I converted it to Python: How to find all occurrences of a substring in a string while ignore some characters in Python?

Upvotes: 1

pierroz
pierroz

Reputation: 7870

in your example you would do:

string input = "Hello, -this-, is a string";
string ignore = "[-,]*";
Regex r = new Regex(string.Format("H{0}e{0}l{0}l{0}o{0} {0}t{0}h{0}i{0}s{0}", ignore));
Match m = r.Match(input);
return m.Success ? m.Value : string.Empty;

Dynamically you would build the part [-, ] with all the characters to ignore and you would insert this part between all the characters of your query.

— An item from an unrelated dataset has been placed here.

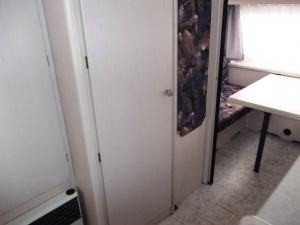 main_dvere-do-koupelny-ve-stredni-casti-karavanu-13163.jpg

Take care of '-' in the class []: put it at the beginning or at the end

So more generically, it would give something like:

public string Test(string query, string input, char[] ignorelist)
{
    string ignorePattern = "[";
    for (int i=0; i<ignoreList.Length; i++)
    {
        if (ignoreList[i] == '-')
        {
            ignorePattern.Insert(1, "-");
        }
        else
        {
            ignorePattern += ignoreList[i];
        }
    }

    ignorePattern += "]*";

    for (int i = 0; i < query.Length; i++)
    {
        pattern += query[0] + ignorepattern;
    }

    Regex r = new Regex(pattern);
    Match m = r.Match(input);
    return m.IsSuccess ? m.Value : string.Empty;
}

Upvotes: 1

Jamie Altizer
Jamie Altizer

Reputation: 1542

You could always use a combination of RegEx and string searching

public class RegExpression {

  public static void Example(string input, string ignore, string find)
  {
     string output = string.Format("Input: {1}{0}Ignore: {2}{0}Find: {3}{0}{0}", Environment.NewLine, input, ignore, find);
     if (SanitizeText(input, ignore).ToString().Contains(SanitizeText(find, ignore)))
        Console.WriteLine(output + "was matched");
     else
        Console.WriteLine(output + "was NOT matched");
     Console.WriteLine();
  }

  public static string SanitizeText(string input, string ignore)
  {
     Regex reg = new Regex("[^" + ignore + "]");
     StringBuilder newInput = new StringBuilder();
     foreach (Match m in reg.Matches(input))
     {
        newInput.Append(m.Value);
     }
     return newInput.ToString();
  }

}

Usage would be like

RegExpression.Example("Hello, -this- is a string", "-,", "Hello this");  //Should match
RegExpression.Example("Hello, -this- is a string", "-,", "Hello this2"); //Should not match
RegExpression.Example("?A&3/3/C)412&", "&/3C\\)", "A41"); // Should match
RegExpression.Example("?A&3/3/C) 412&", "&/3C\\)", "A41"); // Should not match
RegExpression.Example("?A&3/3/C)412&", "&/3C\\)", "A3C412&"); // Should match

Output

Input: Hello, -this- is a string Ignore: -, Find: Hello this

was matched

Input: Hello, -this- is a string Ignore: -, Find: Hello this2

was NOT matched

Input: ?A&3/3/C)412& Ignore: &/3C) Find: A41

was matched

Input: ?A&3/3/C) 412& Ignore: &/3C) Find: A41

was NOT matched

Input: ?A&3/3/C)412& Ignore: &/3C) Find: A3C412&

was matched

Upvotes: 0

Ahmad Mageed
Ahmad Mageed

Reputation: 96477

EDIT: here's an updated solution addressing the points in your recent update. The idea is the same except if you have one substring it will need to insert the ignore pattern between each character. If the substring contains spaces it will split on the spaces and insert the ignore pattern between those words. If you don't have a need for the latter functionality (which was more in line with your original question) then you can remove the Split and if checking that provides that pattern.

Note that this approach is not going to be the most efficient.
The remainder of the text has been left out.